Наконец, трактирщик потребовал, чтобы он расплатился и ушел. Бенц начал свой обычный спектакль, он-де платить не собирается и пусть Мэди платит. Когда же трактирщик сказал, что у девушки денег брать не станет, а платить должен тот, кто заказывал, Бенц совсем уже обнаглел и нагрубил в ответ. Однако, когда услышал, что весь его долг — еда, разбитые тарелки и вино — тянет на шестьдесят баценов, принялся ругаться так, что весь дом задрожал, в ярости бросил на стол оставшиеся деньги и заявил, что больше ни кройцера не заплатит — да у него и нет больше — и направился к выходу.
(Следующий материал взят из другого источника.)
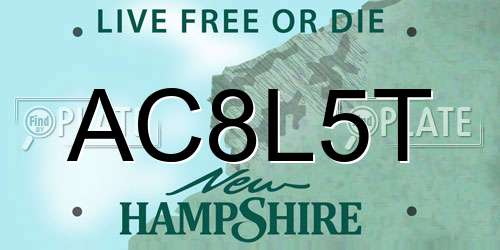 AC8L5T New Hampshire License Plate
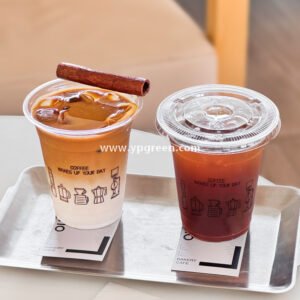 400ml Disposable PET Coffee Cup – 14oz Custom Coffee Machine Design 9.8x6.0x10.7cm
На этот раз уйти ему не удалось — поручиться за него никто не хотел. Но раз уж он всех так повеселил своим представлением, с него в залог стянули куртку. Мэди попыталась вступиться за Бенца, но безуспешно. «Заткнись или плати!» — был ответ. Мэди же, словно верная собачонка, продолжала лаять в защиту грубияна Бенца, хотела ему помочь, когда его без куртки опять спустили с лестницы. Так они и сидели внизу, без денег, без одежды; Бенц — как побитый пес, злой, разобиженный и пьяный; ничего и никого, кроме полупьяной Мэди, у него не было. Она-то и помогла ему добраться до дому.